You don’t know what it is to be a Mother till you are one. You can pretend to play mommy to your younger siblings,nephews and nieces, but the real experience comes from actually carrying the baby in you for 9 months (or so) and giving birth to it.
You never know what responsibility really is  unless you have a child of your own. You and only you is responsible for the baby, well and the father when he is around, but it’s mostly the mother (or so I feel, maybe my husband thinks differently).
You may have taken care of the baby for 3 hours at a stretch or even 3 days  and you think you can take a break and shift responsibility to a nanny, grand parent, uncle or aunt – you are mistaken!!
Even if you aren’t with your  baby, you are with your baby!!  You mind is constantly on the child even when he is away from you. You worry but you resist the urge to call the babysitter. Your better half or your friends constantly tell you not to worry. Phrases such as, “No news is good news” and “I’m sure everything is fine” are being thrown at you. For a brief moment there you may even believe it,  but then the motherly instinct kicks in and you’re back to worrying. But you don’t want others to know so you smile and pretend not to worry. It’s not that we don’t enjoy our time away we do but we also worry. Now we have become masters at multi taking. Every mother knows what I’m talking about.
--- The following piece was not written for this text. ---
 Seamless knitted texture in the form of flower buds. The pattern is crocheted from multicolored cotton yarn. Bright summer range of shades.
Yesterday I met my friends for dinner and I  was focusing only on enjoying, as I had carried my son along. But I saw a mother-friend pull out her smart phone and glance at it several times and discuss the contents of the screen with my husband. So out of curiosity and concern I asked her if all was well (since she has left her little girl back home). She then showed me the video feed from the camera she has installed in her nursery. She could monitor her baby even when far away, but the mother in me instantly started thinking of everything that could go wrong with this helpful piece of technology such as, “What if the feed was stuck and the time stamp was moving”.
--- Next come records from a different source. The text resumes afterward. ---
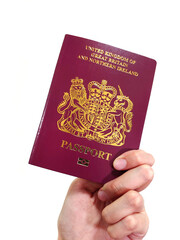 A Woman holding a British National Oversea (BNO) Passport 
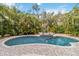 Backyard pool area surrounded by tropical landscaping and a brick patio at 746 Brentwood Dr, Venice, FL 34292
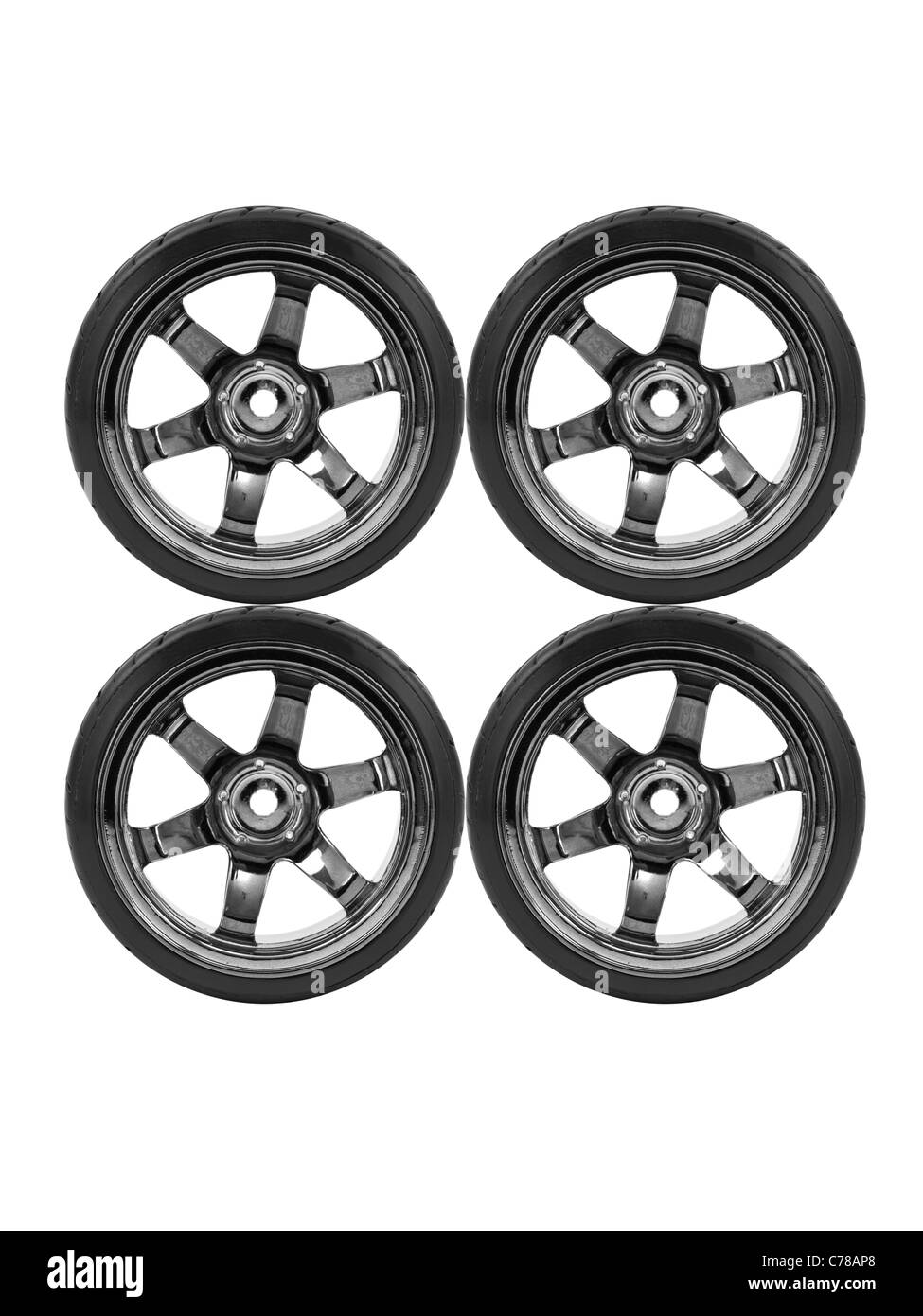 Rubber tyres with sports rims on a white background Stock Photo - Alamy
I stopped the urge to voice my anxiety (read paranoia) out loud because I knew as soon as I would my husband would go on a very unconvincing rant about how it wasn’t possible and so on. But the heart believes what it wants to.
We mothers are cut out to worry. Talk to a mother of any age, she is worried. I am convinced as the level of prolactin in our body rises in order to produce milk for our babies it also brings with it a tendency for normal and in some cases pathological anxiety. Eventually when we decide to stop feeding, and start the process of weaning off, the body takes a week or so to get the message and beings to secrete Prolactin Inhibiting Factor (PIF) to stop milk production. But our minds never seem to get the signal to stop worrying. Maybe be we aren’t sending the right ones anyway!!